Write out, exactly and only, the lines that run from the top of the records to the line with "Drew McIntyre Says". Include both ends; exclude pictures.
### Data excerpts
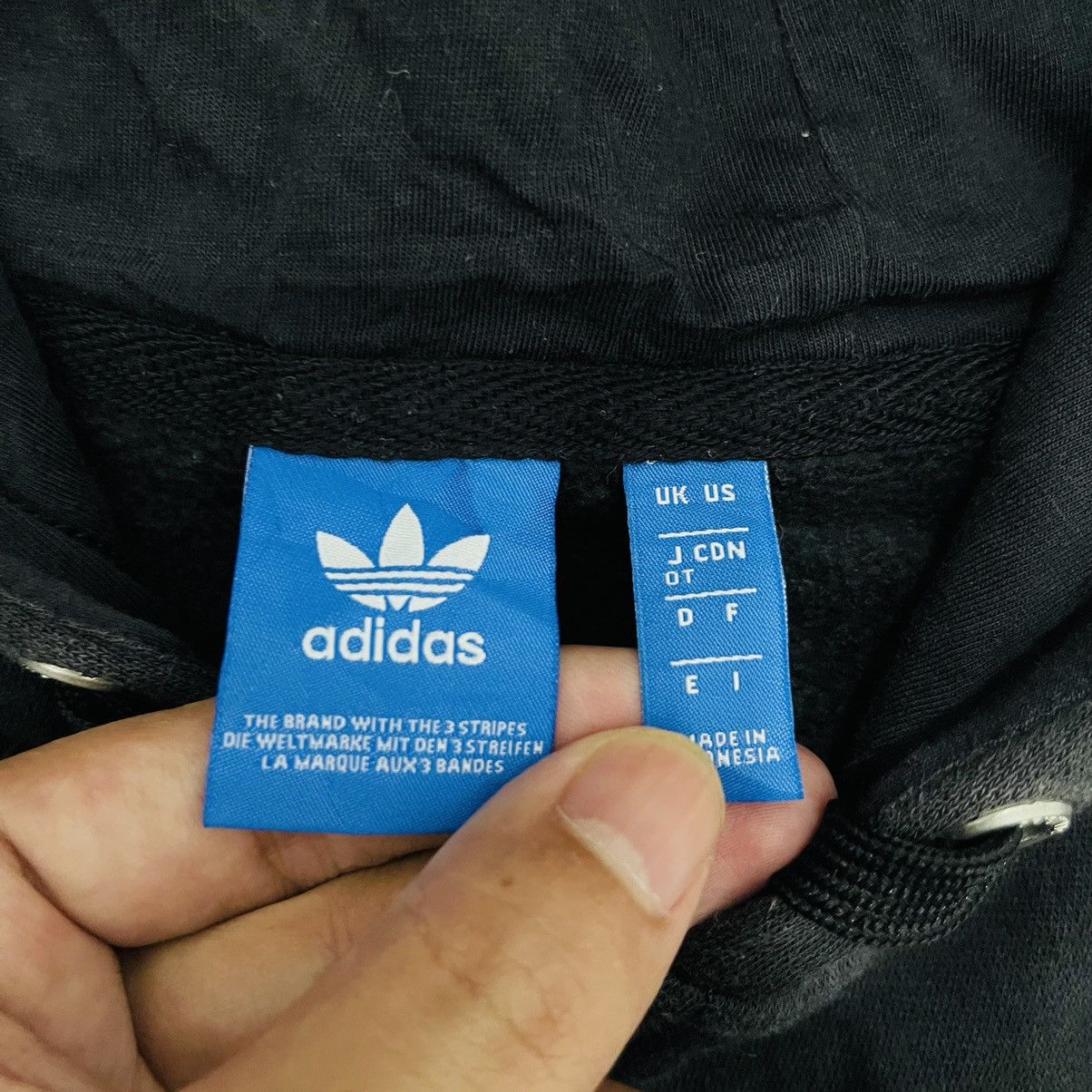 Adidas Adidas Sweatpants Hoodie Size US S / EU 44-46 / 1 - 6 Thumbnail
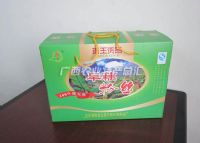 广西巴马富硒之乡香大米（巴马富硒米多少钱一斤）-硒宝网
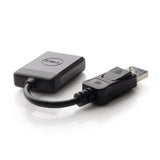 DELL R74C3 DisplayPort VGA (D-Sub) Sort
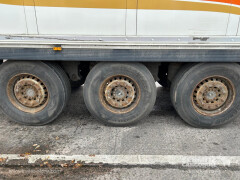 Schmitz Cargobull Reefer Standard 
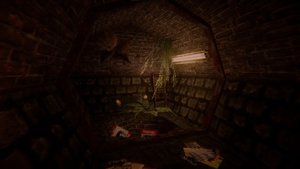 Evil Lurks Below screenshot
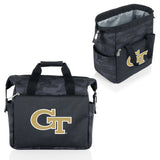 Georgia Tech Yellow Jackets On The Go Lunch Bag Cooler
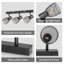 Lucien Flush Mount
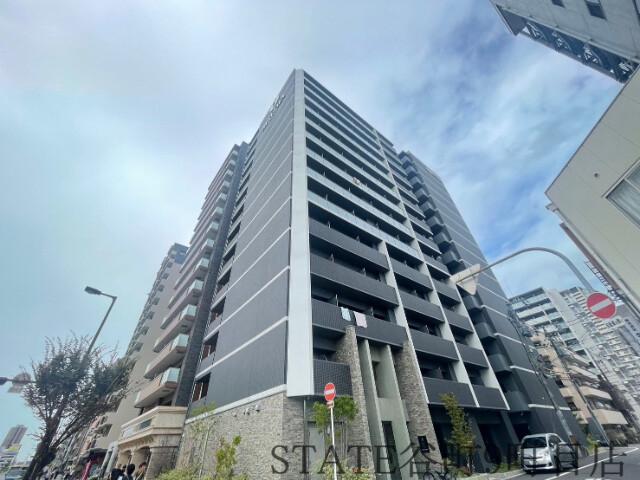 MELDIA CREST NAMBA SOL TERRACE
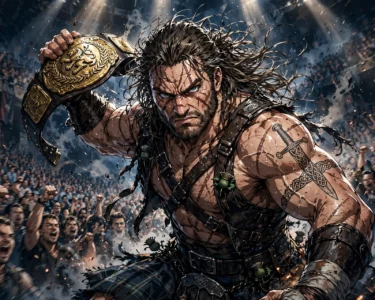 Drew McIntyre Says WWE Needs Him More Than He Needs WWE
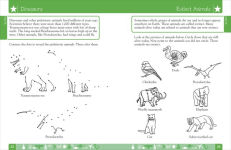Alternative view 5 of DK Workbooks: Science, First Grade: Learn and Explore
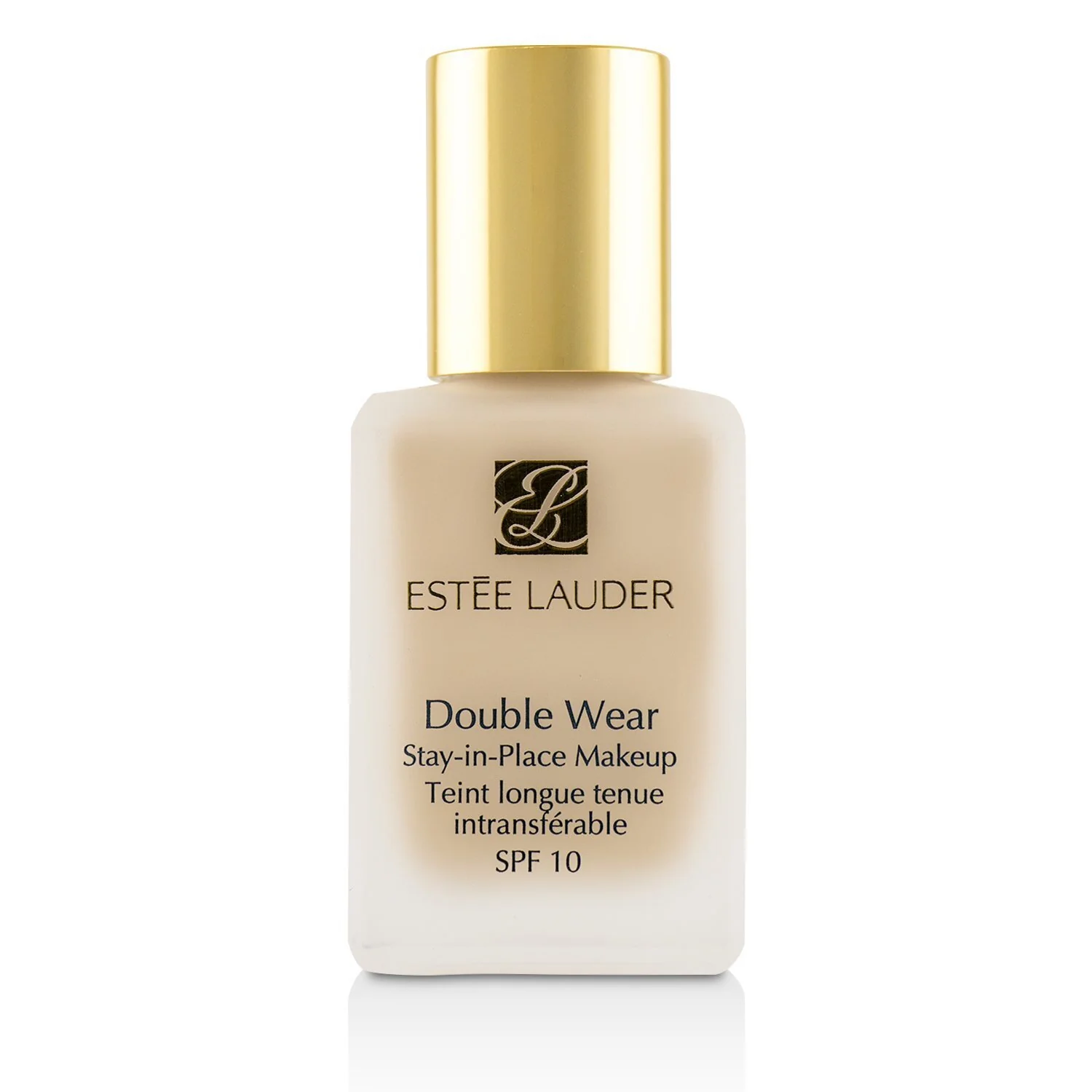 Estee Lauder Double Wear Stay In Place Makeup SPF 10 - Alabaster (0N1)  30ml/1oz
######
• Solution to this exercise:
 Adidas Adidas Sweatpants Hoodie Size US S / EU 44-46 / 1 - 6 Thumbnail
 广西巴马富硒之乡香大米（巴马富硒米多少钱一斤）-硒宝网
 DELL R74C3 DisplayPort VGA (D-Sub) Sort
 Schmitz Cargobull Reefer Standard 
 Evil Lurks Below screenshot
 Georgia Tech Yellow Jackets On The Go Lunch Bag Cooler
 Lucien Flush Mount
 MELDIA CREST NAMBA SOL TERRACE
 Drew McIntyre Says WWE Needs Him More Than He Needs WWE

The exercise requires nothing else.